— Я не мастер, чтоб тебе формулировать, — сказал он немного даже виновато, когда я попытался повернуть разговор в нужное русло.
— Вон стоят мои книжки, там всё, что смог, уже сказал. А это интервью — ни к чему…
— Сейчас такое трагическое время… — сказал я, упрямясь.
— Что ли, надо о политике наговорить? — он всё-таки хотел меня выручить, просто не знал, с чего начать.
Я откашлялся и приступил к делу:
— О политике говорить не обязательно. Я для начала хотел обратить внимание лишь на следующее: вот когда-то было пострашней, чем сейчас. В Киеве представители самой «интеллигентной власти» кожу с людей живьём сдирали. Барышень молоденьких ловили, насиловали и затем, чтобы наслаждение получилось поизысканней, кожу с них сдирали… Ну, такие, как Багрицкий, автор поэмы «Февраль», для нас понятны. А вот у многих, даже не обозлённых вполне на ни в чём не повинных барышень, сил не было, чтобы им сострадать. Людей гулагами, голодом морили, а они, чтоб не мучаться от столь нестерпимых людских страданий, старались их вроде бы даже не замечать. То есть были, конечно, автор «Тихого Дона», были Платонов, Есенин, был Леонов, написавший «Русский лес», но большинство делали вид, что все эти троцкие да Свердловы на людоедов не похожи, и тем самым продавали свой народ, продавали его мечту построить справедливое общество. Так и сейчас: люди, обкраденные теневиками, стоят в очередях, в республиках русским отводится роль граждан второго сорта, а мы — ничего не делаем, только гадаем за сколько купил Запад того или иного нашего политика. Как будто, если угадаем, этот политик, тут же покается. Только единицы в драку бросаются. Невзоров, Алкснис, Петрушенко… вот ещё газета «Советская Россия» осмелела, выдала публике всю подноготную нашего Российского правительства, помогающего зарубежным капиталам скупать нас на корню вместе с нашими деревянными рублями.
Ты не бросаешься в драку, но никто не скажет, что ты равнодушный или трусливый…
Куда, в какой ряд тебя поставить?
— В ряд меня ставить не надо. И суетиться по поводу происходящего — тоже не надо. Иначе за мелочами, за разными обидными деталями не увидишь главного.

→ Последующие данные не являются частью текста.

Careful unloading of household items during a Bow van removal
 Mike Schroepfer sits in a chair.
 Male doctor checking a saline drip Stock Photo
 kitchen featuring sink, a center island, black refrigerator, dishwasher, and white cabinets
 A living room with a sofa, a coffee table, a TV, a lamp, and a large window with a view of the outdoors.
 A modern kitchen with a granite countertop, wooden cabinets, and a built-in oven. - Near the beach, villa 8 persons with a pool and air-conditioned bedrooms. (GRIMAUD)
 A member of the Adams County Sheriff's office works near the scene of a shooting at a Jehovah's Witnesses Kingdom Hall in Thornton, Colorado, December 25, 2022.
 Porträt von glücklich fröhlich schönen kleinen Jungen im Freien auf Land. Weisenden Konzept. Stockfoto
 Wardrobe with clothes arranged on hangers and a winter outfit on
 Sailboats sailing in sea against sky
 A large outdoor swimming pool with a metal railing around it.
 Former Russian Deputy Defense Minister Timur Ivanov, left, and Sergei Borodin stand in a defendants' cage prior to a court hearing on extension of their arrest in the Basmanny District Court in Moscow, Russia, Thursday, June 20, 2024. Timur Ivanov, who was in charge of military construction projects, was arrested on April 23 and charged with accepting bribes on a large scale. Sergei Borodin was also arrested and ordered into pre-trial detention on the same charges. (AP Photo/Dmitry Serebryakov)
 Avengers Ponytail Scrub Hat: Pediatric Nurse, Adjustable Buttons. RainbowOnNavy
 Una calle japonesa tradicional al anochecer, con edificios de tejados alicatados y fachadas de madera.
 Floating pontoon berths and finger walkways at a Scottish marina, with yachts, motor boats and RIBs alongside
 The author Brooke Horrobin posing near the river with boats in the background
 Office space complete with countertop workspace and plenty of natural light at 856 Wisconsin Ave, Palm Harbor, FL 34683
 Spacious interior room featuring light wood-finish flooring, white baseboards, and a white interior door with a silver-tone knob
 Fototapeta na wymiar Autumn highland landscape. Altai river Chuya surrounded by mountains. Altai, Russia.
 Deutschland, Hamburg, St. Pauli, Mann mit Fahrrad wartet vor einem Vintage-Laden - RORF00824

— Но когда главное начинаешь выискивать, то вроде бы и поднимаешься над событиями дня, перестаёшь принимать их близко к сердцу… Так?
— Нет, не так. Есть механическое время. Оно как бы движется. А есть время, которое не проходит.
Когда-то в своих давних стихах я написал: «Былое грядёт». С точки зрения обыденного сознания — это бессмыслица. Но во времени прошлое и будущее — это единое пространство. У Даля в разделе пословиц о пьянстве и гульбе помещена вот эта: «Неделя прошла, — до нас не дошла». И действительно, за сиюминутной гульбой не чувствуешь даже малого пространства недели.
Один критик писал обо мне: мол, нелепо представить Святогора, читающего современную газету. А для меня этот былинный герой столь же реальный человек, что и какой-нибудь Петрушенко. Я в людях ценю то, что есть в них от вечного, непреходящего.